Visiting Seattle last weekend, it was impossible not to notice that its streets are absolutely covered in sharrows. “It’s almost like they polluted the streets with them,” said Tom Fucoloro, proprietor of the Seattle Bike Blog, who took me on a walk through the city’s Central District, pointing out its transportation features.
A “sharrow” — the word is an amalgamation of “arrow” and “share the road” — is a larger-than-life thermoplastic symbol of a bicycle topped by two chevrons pointing the way forward. More technically known as “shared lane markings,” they’re intended to remind two-wheeled and four-wheeled road users alike to share with each other, and also to encourage people on bikes to take the lane when it’s too narrow to ride side-by-side with car traffic.

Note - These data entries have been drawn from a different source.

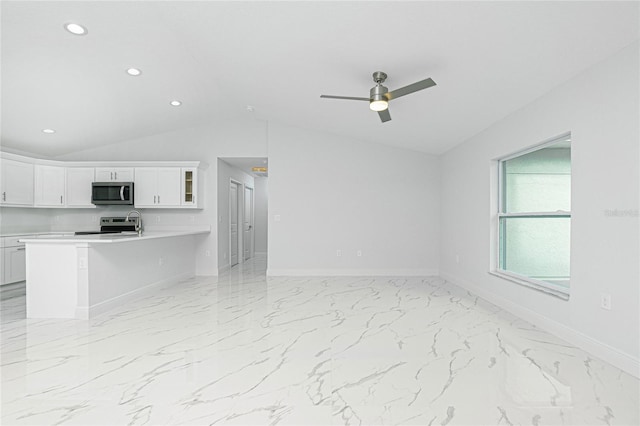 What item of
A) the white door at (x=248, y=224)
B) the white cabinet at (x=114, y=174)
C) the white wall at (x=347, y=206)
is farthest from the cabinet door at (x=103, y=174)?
the white door at (x=248, y=224)

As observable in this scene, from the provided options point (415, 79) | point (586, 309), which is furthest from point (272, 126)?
point (586, 309)

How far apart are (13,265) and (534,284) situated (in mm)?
6943

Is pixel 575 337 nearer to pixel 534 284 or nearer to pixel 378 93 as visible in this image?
pixel 534 284

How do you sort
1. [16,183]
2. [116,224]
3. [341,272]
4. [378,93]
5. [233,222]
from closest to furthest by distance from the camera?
[378,93] → [16,183] → [116,224] → [341,272] → [233,222]

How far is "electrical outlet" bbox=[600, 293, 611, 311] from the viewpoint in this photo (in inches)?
99.1

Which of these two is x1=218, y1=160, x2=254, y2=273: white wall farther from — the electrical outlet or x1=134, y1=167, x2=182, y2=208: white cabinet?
the electrical outlet

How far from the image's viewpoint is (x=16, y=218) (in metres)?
5.54

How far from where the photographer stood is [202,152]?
6348mm

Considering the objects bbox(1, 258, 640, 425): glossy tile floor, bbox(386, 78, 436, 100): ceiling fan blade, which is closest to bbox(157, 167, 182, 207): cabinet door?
bbox(1, 258, 640, 425): glossy tile floor

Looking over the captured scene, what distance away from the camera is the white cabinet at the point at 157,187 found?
593 cm

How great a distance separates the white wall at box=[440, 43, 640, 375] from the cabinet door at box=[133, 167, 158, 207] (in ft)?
17.9

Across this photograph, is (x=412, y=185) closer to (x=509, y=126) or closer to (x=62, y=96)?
(x=509, y=126)

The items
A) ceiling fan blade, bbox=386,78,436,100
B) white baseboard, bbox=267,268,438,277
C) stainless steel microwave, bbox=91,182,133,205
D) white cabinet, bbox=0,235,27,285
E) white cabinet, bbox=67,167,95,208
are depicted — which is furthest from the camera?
white baseboard, bbox=267,268,438,277

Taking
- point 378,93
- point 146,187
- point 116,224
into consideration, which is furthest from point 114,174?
point 378,93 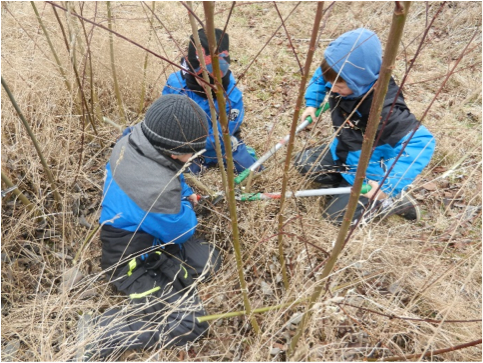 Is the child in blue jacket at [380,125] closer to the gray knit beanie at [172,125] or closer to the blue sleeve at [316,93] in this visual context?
the blue sleeve at [316,93]

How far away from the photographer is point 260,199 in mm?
2309

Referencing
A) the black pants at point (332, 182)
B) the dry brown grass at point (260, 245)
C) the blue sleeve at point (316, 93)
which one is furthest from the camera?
the blue sleeve at point (316, 93)

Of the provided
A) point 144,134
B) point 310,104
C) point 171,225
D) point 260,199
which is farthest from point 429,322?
point 310,104

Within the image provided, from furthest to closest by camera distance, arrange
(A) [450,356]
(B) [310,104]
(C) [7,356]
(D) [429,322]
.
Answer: (B) [310,104] → (D) [429,322] → (A) [450,356] → (C) [7,356]

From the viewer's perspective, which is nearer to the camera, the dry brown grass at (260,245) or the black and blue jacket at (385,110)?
the dry brown grass at (260,245)

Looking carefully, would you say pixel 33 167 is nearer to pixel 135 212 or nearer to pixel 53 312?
pixel 135 212

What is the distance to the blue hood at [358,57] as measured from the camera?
2.14 m

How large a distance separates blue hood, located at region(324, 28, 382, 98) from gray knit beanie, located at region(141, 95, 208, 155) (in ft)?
3.22

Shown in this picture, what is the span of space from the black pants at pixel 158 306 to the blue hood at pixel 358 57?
1.42 m

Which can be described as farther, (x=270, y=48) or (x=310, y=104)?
(x=270, y=48)

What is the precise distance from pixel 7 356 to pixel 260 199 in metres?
1.54

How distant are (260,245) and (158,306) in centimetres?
67

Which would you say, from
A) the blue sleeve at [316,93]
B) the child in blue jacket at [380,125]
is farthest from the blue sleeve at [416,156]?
the blue sleeve at [316,93]

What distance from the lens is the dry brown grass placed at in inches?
58.8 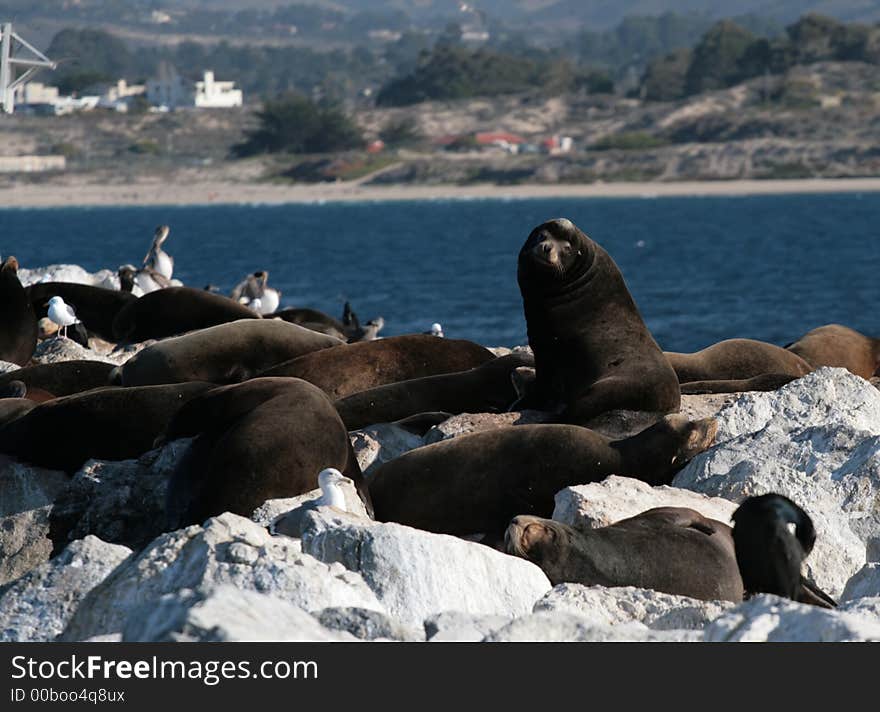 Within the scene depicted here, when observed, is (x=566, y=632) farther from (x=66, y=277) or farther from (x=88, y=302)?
(x=66, y=277)

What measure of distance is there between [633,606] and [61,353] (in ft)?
21.7

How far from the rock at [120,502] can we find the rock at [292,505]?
682 mm

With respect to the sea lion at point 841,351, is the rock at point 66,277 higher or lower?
lower

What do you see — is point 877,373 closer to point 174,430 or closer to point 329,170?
point 174,430

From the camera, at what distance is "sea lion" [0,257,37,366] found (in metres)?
11.5

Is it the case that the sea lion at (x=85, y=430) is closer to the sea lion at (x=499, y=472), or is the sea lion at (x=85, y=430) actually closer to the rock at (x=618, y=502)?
the sea lion at (x=499, y=472)

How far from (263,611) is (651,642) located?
104 centimetres

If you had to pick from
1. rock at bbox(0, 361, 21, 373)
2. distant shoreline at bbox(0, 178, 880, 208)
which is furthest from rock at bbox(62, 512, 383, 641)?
distant shoreline at bbox(0, 178, 880, 208)

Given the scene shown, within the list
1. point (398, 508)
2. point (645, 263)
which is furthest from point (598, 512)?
point (645, 263)

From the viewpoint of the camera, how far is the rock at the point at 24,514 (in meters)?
7.06

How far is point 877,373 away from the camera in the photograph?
1153 cm

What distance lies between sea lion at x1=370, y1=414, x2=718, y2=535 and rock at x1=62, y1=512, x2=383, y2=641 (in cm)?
157

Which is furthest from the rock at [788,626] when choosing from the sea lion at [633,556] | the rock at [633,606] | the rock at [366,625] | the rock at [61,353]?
the rock at [61,353]

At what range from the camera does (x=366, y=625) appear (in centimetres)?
479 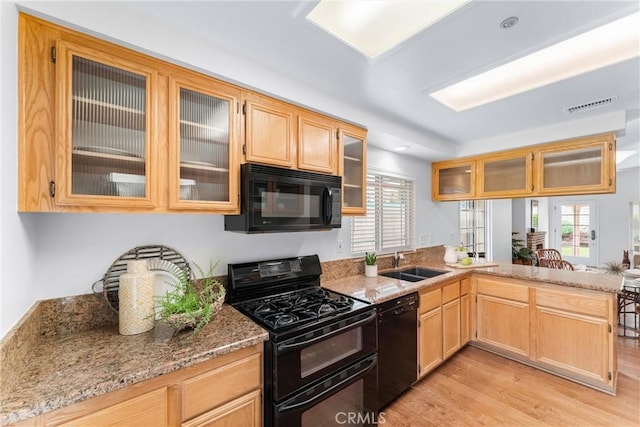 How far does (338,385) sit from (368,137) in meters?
2.08

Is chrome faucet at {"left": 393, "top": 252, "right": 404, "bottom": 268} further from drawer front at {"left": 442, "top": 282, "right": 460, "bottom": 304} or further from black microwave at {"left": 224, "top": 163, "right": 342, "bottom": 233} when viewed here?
black microwave at {"left": 224, "top": 163, "right": 342, "bottom": 233}

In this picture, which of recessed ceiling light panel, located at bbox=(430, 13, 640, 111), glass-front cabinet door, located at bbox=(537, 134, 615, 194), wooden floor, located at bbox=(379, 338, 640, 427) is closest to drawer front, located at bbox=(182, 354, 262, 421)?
wooden floor, located at bbox=(379, 338, 640, 427)

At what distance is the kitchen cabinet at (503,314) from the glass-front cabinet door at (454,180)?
1.10 metres

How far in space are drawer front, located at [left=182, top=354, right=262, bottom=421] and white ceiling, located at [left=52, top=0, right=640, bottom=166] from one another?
1.65 metres

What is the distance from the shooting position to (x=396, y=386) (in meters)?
2.12

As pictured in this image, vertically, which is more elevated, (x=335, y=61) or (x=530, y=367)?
(x=335, y=61)

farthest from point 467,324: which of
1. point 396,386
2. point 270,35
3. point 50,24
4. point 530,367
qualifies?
point 50,24

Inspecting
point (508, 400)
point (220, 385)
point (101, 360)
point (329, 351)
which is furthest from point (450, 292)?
point (101, 360)

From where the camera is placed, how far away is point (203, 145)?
1.55 meters

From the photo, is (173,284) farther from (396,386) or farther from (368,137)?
(368,137)

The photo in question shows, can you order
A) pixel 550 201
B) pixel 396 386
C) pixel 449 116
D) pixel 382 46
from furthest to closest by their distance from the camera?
pixel 550 201 < pixel 449 116 < pixel 396 386 < pixel 382 46

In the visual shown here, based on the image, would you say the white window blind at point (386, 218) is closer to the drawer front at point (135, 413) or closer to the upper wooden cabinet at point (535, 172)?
the upper wooden cabinet at point (535, 172)

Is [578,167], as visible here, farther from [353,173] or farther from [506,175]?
[353,173]

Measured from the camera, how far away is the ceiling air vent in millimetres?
2127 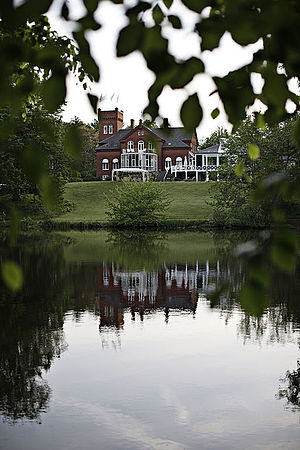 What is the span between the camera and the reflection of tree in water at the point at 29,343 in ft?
23.4

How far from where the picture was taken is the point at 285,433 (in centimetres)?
630

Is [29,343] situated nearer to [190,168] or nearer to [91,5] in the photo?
[91,5]

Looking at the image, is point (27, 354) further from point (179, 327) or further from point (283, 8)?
point (283, 8)

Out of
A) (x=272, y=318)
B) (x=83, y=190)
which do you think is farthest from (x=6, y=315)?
(x=83, y=190)

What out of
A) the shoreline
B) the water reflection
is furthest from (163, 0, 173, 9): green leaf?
the shoreline

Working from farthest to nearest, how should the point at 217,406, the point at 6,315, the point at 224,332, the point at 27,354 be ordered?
the point at 6,315 < the point at 224,332 < the point at 27,354 < the point at 217,406

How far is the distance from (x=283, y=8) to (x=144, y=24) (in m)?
0.50

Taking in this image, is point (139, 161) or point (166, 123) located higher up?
point (139, 161)

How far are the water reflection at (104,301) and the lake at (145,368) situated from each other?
0.03 metres

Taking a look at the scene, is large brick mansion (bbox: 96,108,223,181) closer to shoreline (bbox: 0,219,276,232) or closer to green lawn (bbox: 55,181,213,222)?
green lawn (bbox: 55,181,213,222)

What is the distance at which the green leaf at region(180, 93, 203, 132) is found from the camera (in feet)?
6.19

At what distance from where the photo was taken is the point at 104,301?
14.0m

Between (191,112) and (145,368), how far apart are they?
719 cm

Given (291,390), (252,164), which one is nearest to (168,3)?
(291,390) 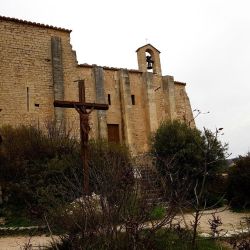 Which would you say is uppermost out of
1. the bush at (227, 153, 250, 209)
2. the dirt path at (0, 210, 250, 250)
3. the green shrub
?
the bush at (227, 153, 250, 209)

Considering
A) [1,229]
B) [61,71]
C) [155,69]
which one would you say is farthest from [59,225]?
[155,69]

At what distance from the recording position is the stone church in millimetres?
19859

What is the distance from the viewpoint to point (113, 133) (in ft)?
75.5

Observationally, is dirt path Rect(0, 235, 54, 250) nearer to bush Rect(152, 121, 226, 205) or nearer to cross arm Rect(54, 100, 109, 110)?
cross arm Rect(54, 100, 109, 110)

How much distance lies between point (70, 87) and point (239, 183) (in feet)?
35.5

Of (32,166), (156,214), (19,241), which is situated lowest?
(19,241)

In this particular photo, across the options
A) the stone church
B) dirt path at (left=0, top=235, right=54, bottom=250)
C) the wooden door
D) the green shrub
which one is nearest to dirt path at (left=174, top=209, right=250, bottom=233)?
the green shrub

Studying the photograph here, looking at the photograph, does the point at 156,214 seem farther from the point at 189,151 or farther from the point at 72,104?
the point at 189,151

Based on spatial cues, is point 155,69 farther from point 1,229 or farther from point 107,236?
point 107,236

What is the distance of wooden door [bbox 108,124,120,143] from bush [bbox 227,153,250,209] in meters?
8.92

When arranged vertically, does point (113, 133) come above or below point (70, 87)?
below

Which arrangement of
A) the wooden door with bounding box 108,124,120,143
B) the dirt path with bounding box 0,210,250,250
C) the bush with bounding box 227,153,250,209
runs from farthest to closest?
the wooden door with bounding box 108,124,120,143
the bush with bounding box 227,153,250,209
the dirt path with bounding box 0,210,250,250

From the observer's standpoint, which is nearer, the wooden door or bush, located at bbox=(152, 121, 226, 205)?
bush, located at bbox=(152, 121, 226, 205)

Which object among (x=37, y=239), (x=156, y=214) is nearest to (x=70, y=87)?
(x=37, y=239)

Sharrows have been increasing in popularity nationwide, and got a boost in 2009 when they were officially entered into the federal transportation engineering canon. Seattle got a head start, writing them into its 2007 Bike Master Plan. Other cities began earlier, but I’ve never seen such a profusion as in the Emerald City.
Like many experts on transportation bicycling, Fucoloro wasn’t enthusiastic about them. Sharrows are spread so indiscriminately on Seattle streets, he said, that “they mean nothing now.” He has noticed that there seems to be “slightly less aggression” from drivers when they’re in place. “But does that mean all the streets without sharrows are worse?”